Un faible apport à la réflexion stratégique

C’est avec retard que la commission en charge du nouveau Livre blanc de défense et de sécurité nationale a présenté les résultats de ses travaux au Président de la République. Au vrai, on peut penser que l’actualisation du précédent Livre blanc, publié sous Nicolas Sarkozy, aurait suffi. Pour des raisons qui échappent à la grande politique, il en a été décidé autrement. Marquant un rétrécissement du champ de vision, le résultat final n’est pas d’un grand apport à la réflexion géopolitique. Aussi et surtout, ce Livre blanc annonce une nouvelle réduction des ambitions militaires françaises. Subrepticement, le processus d’attrition des forces armées met en péril le statut politique de la France, sa puissance effective et sa contribution diplomatico-stratégique à une Europe du grand large. 

| Un certain flou conceptuel

De prime abord, la lecture de ce document révèle des tours linguistiques significatifs des « temps présents», comme l’on dit pompeusement. Parler de « menaces de la force » (p.33), pour désigner de possibles guerres interétatiques, et de « risques de la faiblesse » (p.39), l’expression renvoyant aux menaces liées à la faillite de certains Etats du « Sud », n’est guère heureux. Simple question de forme ? « Ce qui se conçoit bien s’énonce clairement – Et les mots pour le dire arrivent aisément » (Boileau). Dans la même veine, on notera les références multiples aux « femmes et aux hommes » au service de la défense, sans respect aucun pour la langue française. La post-modernité est aussi un âge post-littéraire, la pensée stratégique y perdant en précision, en clarté et en puissance.

Le chapitre relatif aux fondements de la stratégie française laisse apparaître un certain flou conceptuel. Après avoir situé la France dans le paysage stratégique mondial et rappelé son engagement dans diverses « constructions institutionnelles » (i.e. les instances euro-atlantiques et internationales), le Livre blanc explique que « le respect de la légalité internationale est un préalable intangible à tout recours à la force » (p. 23), ce qui induit la reconnaissance d’un droit de veto de puissances tierces, comme la Russie et la Chine, qui campent sur une vision restrictive de leurs intérêts étatiques et refusent d’assumer leur part du « fardeau » (cf. le « devoir de protection » adopté au sein de l’ONU). Pourtant, lorsque surgit une situation d’exception qui remet en cause la normalité, le droit demeure silencieux (seule la norme peut-être normée). Dès lors, c’est une décision souveraine qui s’impose. 

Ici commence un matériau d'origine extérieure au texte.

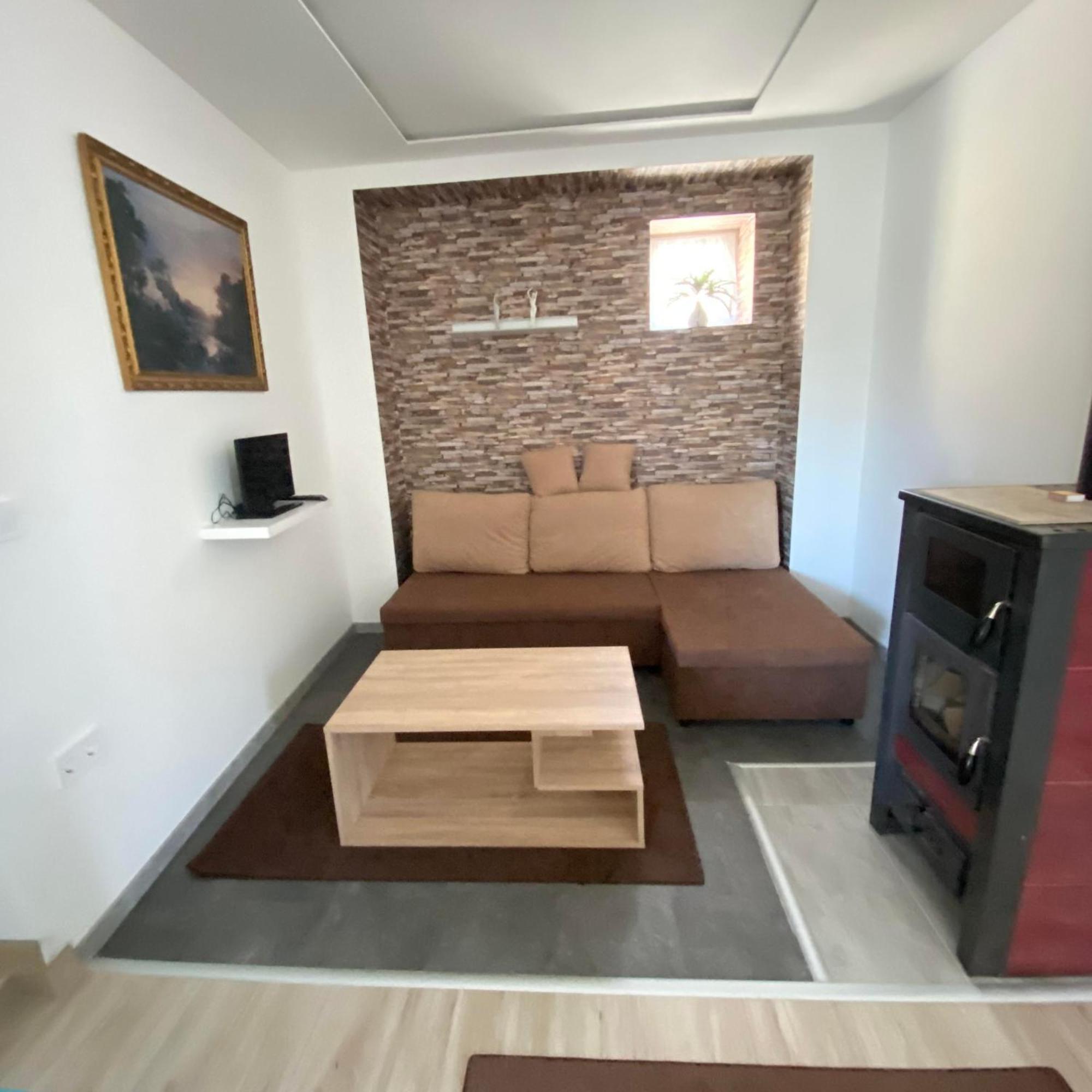 Perla Vendeghaz Igal Apartment Exterior photo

Si l’on se reporte à un cas géopolitique concret, le débordement de la guerre en Syrie, le recours aux armes chimiques et le risque de chaos régional pourraient conduire les puissances occidentales à passer outre le veto de Pékin et Moscou à l’ONU, pour intervenir de vive force. S’abstenir au nom de la légalité internationale et laisser ce conflit s’élargir, jusqu’à en perdre le contrôle, serait impolitique et partant illégitime. Assurément, la légalité et la légitimité ne doivent donc pas être confondues. Enfin, l’expression d’« Etat de droit » renvoie au règne de la loi à l’intérieur d’une unité politique donnée et elle ne saurait être employée pour décrire l’ordre international. En dernière instance, les régimes juridiques internationaux reposent sur la bonne volonté des Etats (le droit public international est un droit non point vertical mais horizontal).